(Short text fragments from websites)

....................

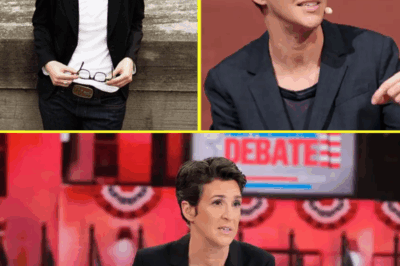 After close to twenty years of hosting her nightly program, television “queen” Rachel Maddow opens up in a special interview with Vanity Fair, sharing the reasons behind her departure from MSNBC, her future plans, and unexpected aspects of her personal life in Western Massachusetts.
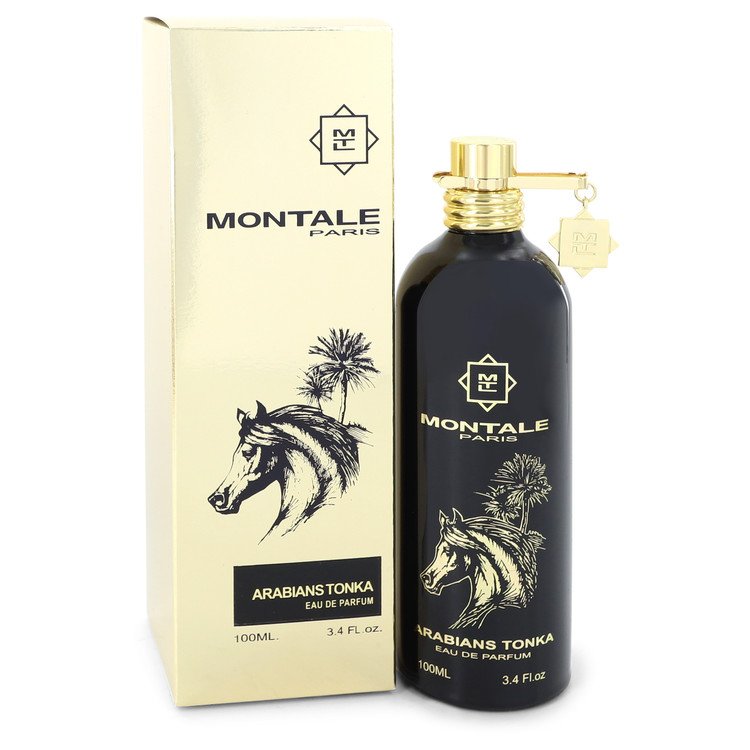 Montale Arabians Tonka Perfume by Montale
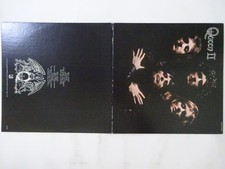 Queen II Elektra P-8456E Japan  VINYL LP, usado comprar usado  Enviando para Brazil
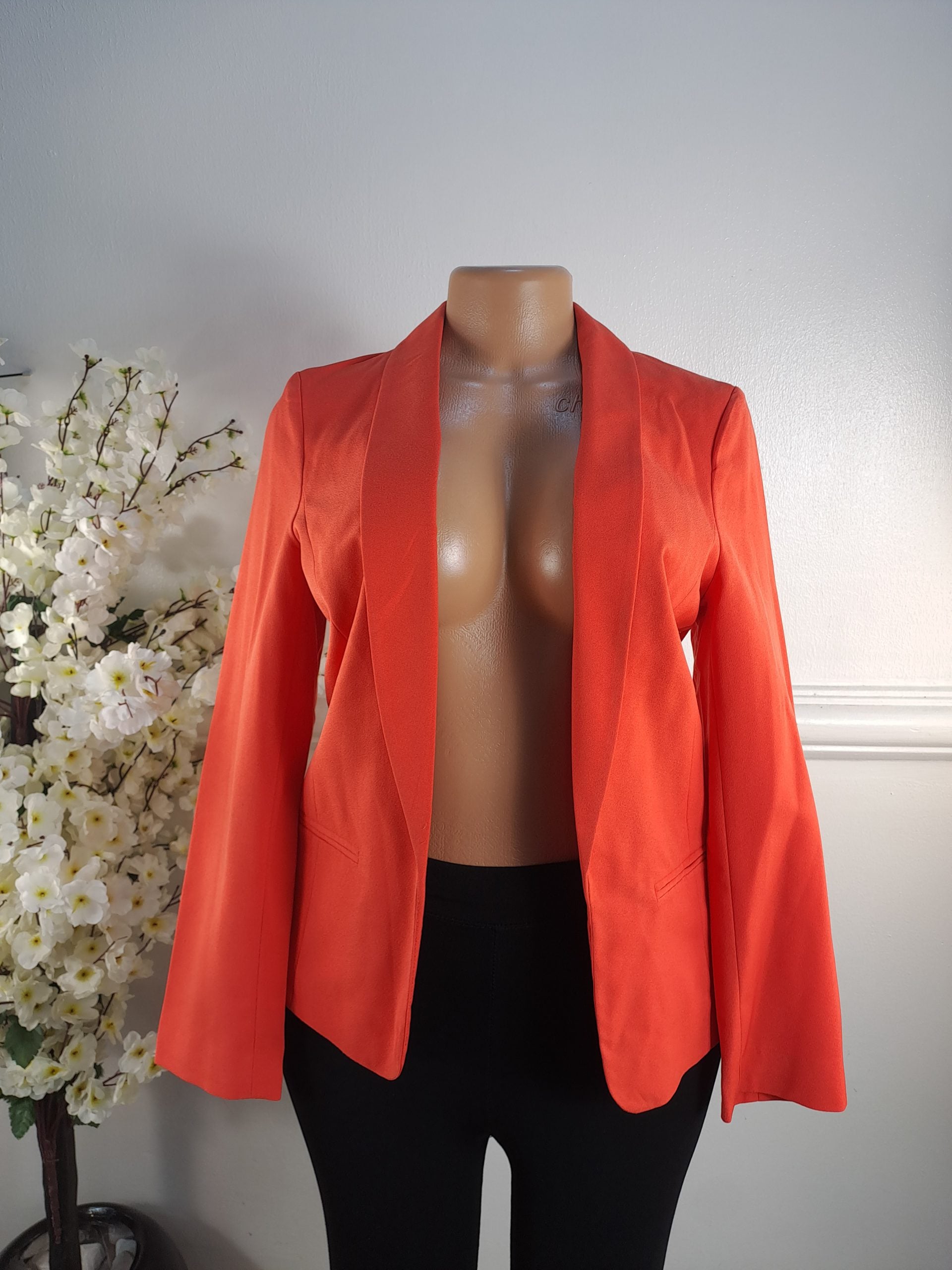 DOROTHY PERKINS UK SIZE 6 [LENGHT 24 INCHES] image 0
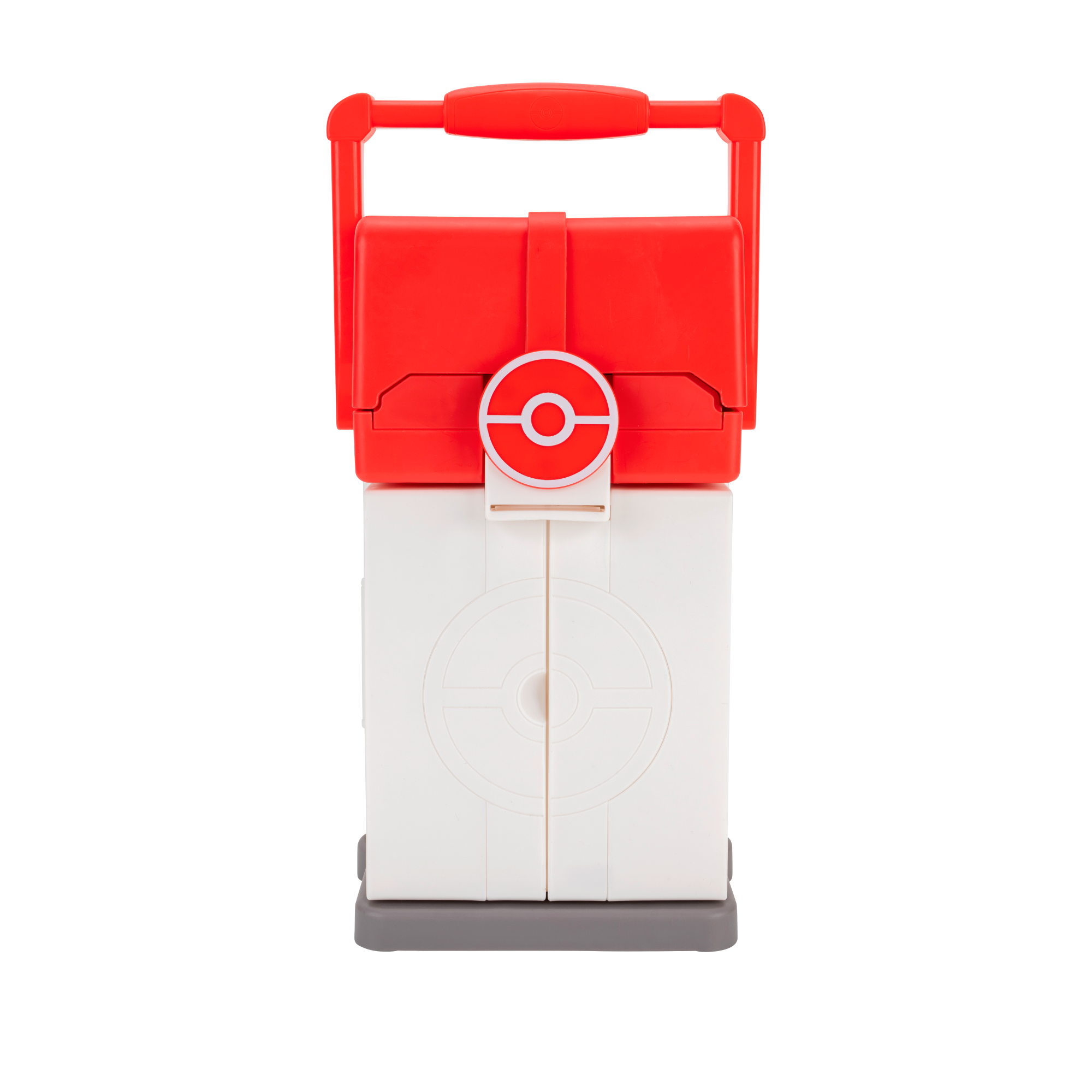 Playset Vitrina Pikachu Y Sprigatito Pokemon-2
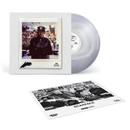 NPR Tiny Desk Concert (Clear & Bone Colored LP)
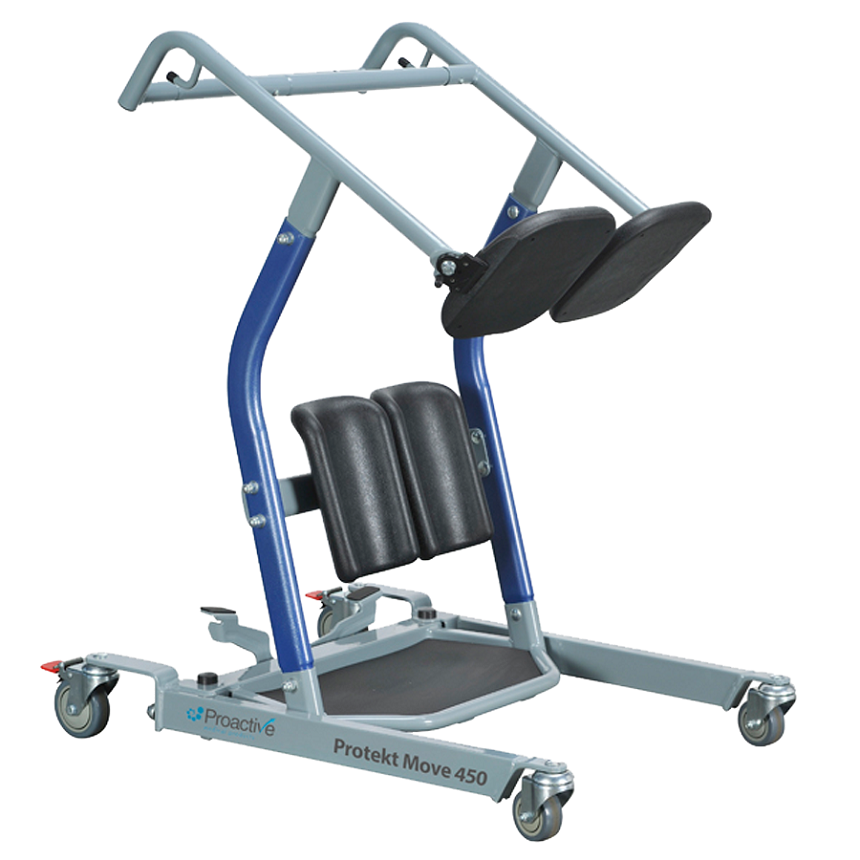 Proteckt Move Standing Transfer Aid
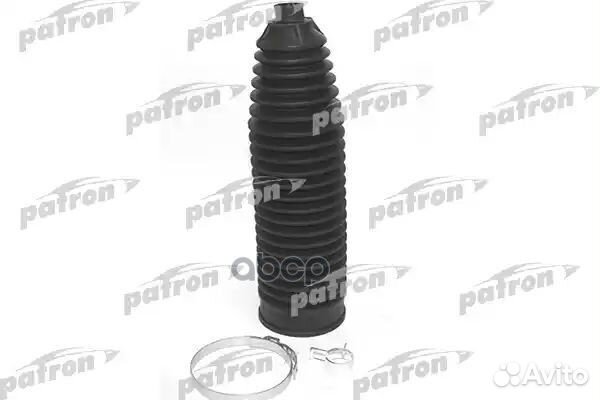 Пыльник рулевой рейки PSE6288 patron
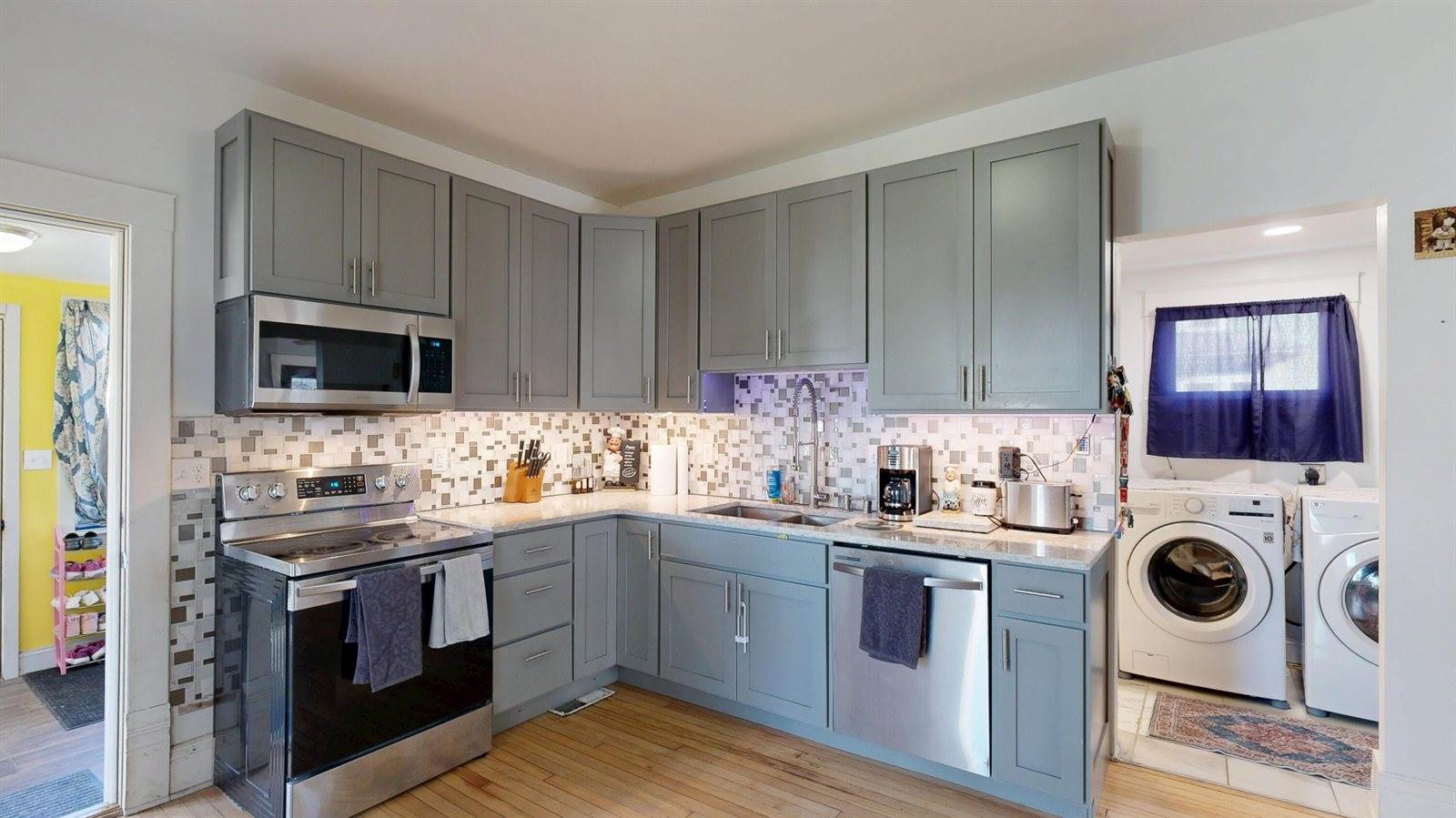 524 Hamilton St West, West Salem, WI 54669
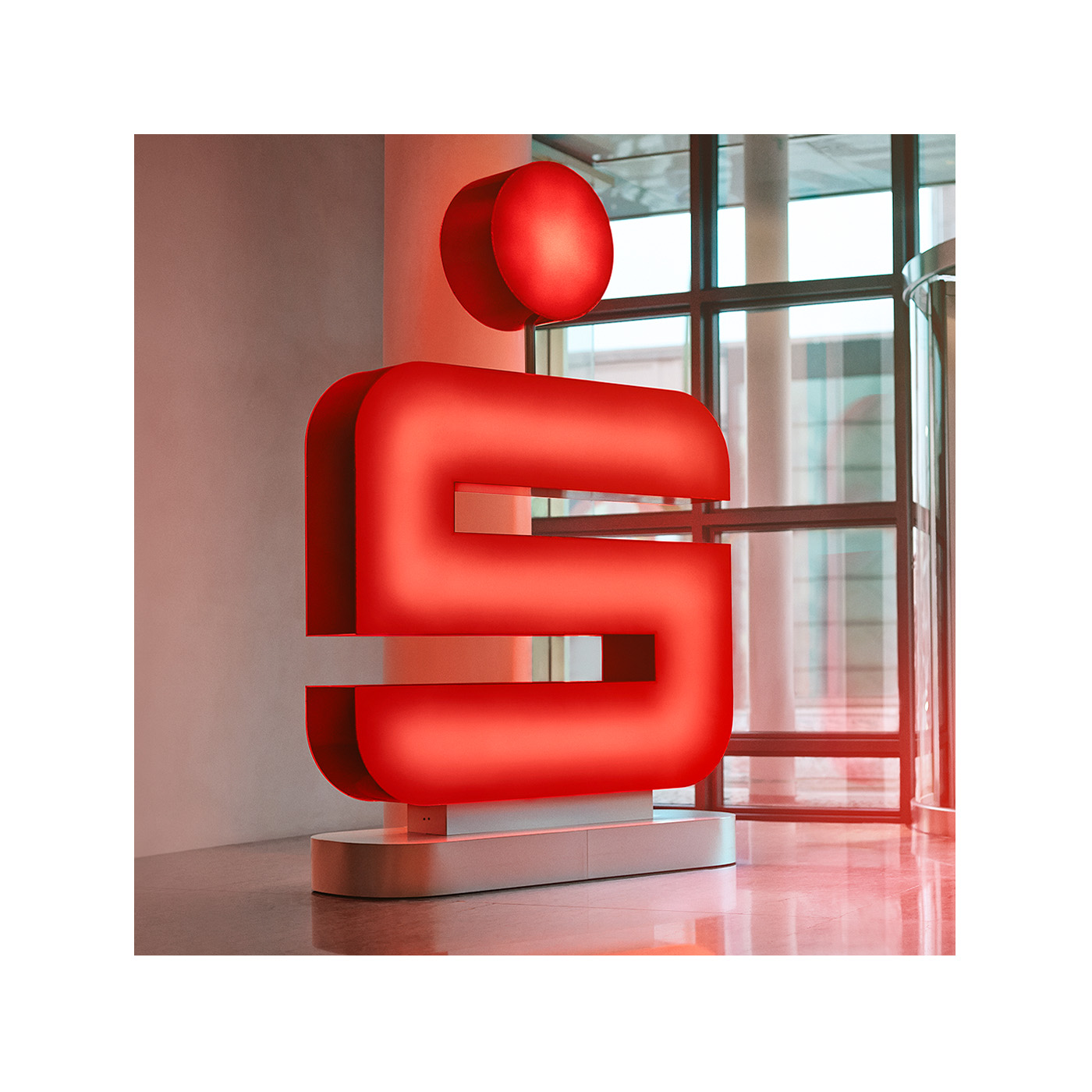 Foto der Filiale Filiale Mörsch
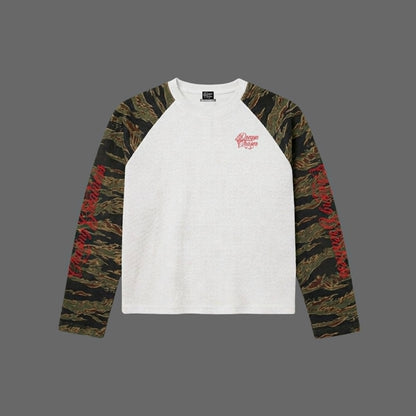 GREATNESS LONG SLEEVE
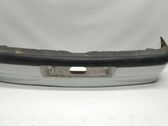 Rear bumper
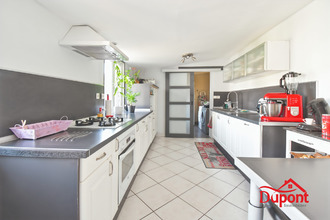 achat maison douchy-les-mines 59282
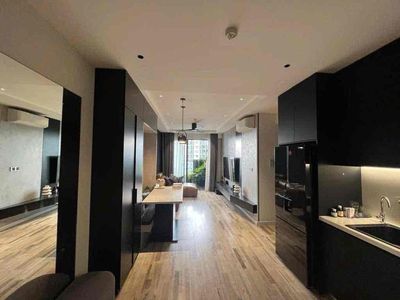 NHÀ ĐẸP CHUẨN GU CHO KHÁCH CÓ GU | 2PN 2WC EMERALD CELADONCITY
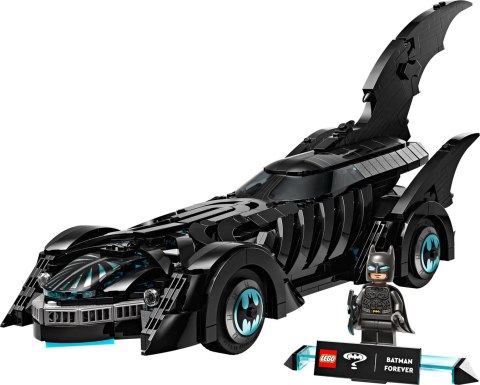 LEGO DC Super Heroes 76304 - Batmobil Batman Forever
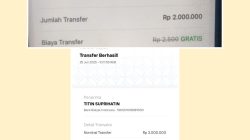 Anggota DPRD Bandarlampung Heti Friskatati Bantah Minta Uang kepada Salah Satu Orangtua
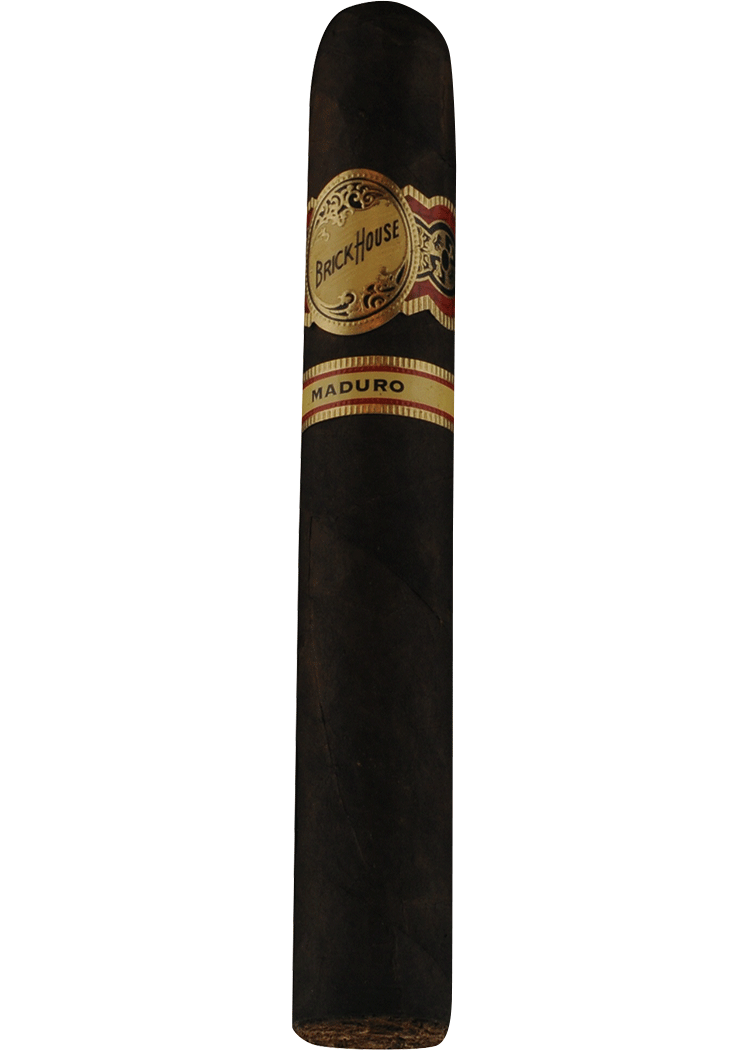 Brick House Mighty Mighty Maduro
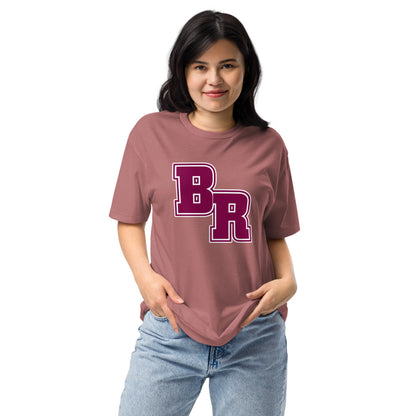 Benjamin Russell High School Design 2 — Heather Mauve
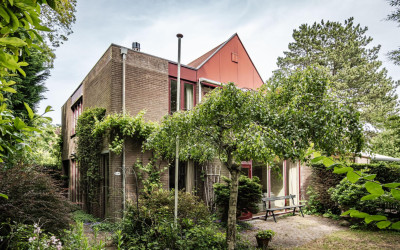 Vijverweg 20-B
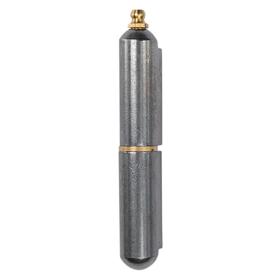 Essentra Weld On Hinge 180.0 mm 20.0 mm Steel;Brass 13.0 mm [497553]; 10634943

....................

#### Work to complete
From the line containing "Benjamin Russell High" down to the end of the data above, reproduce each line exactly; no pictures.

#### Task response
 Benjamin Russell High School Design 2 — Heather Mauve
 Vijverweg 20-B
 Essentra Weld On Hinge 180.0 mm 20.0 mm Steel;Brass 13.0 mm [497553]; 10634943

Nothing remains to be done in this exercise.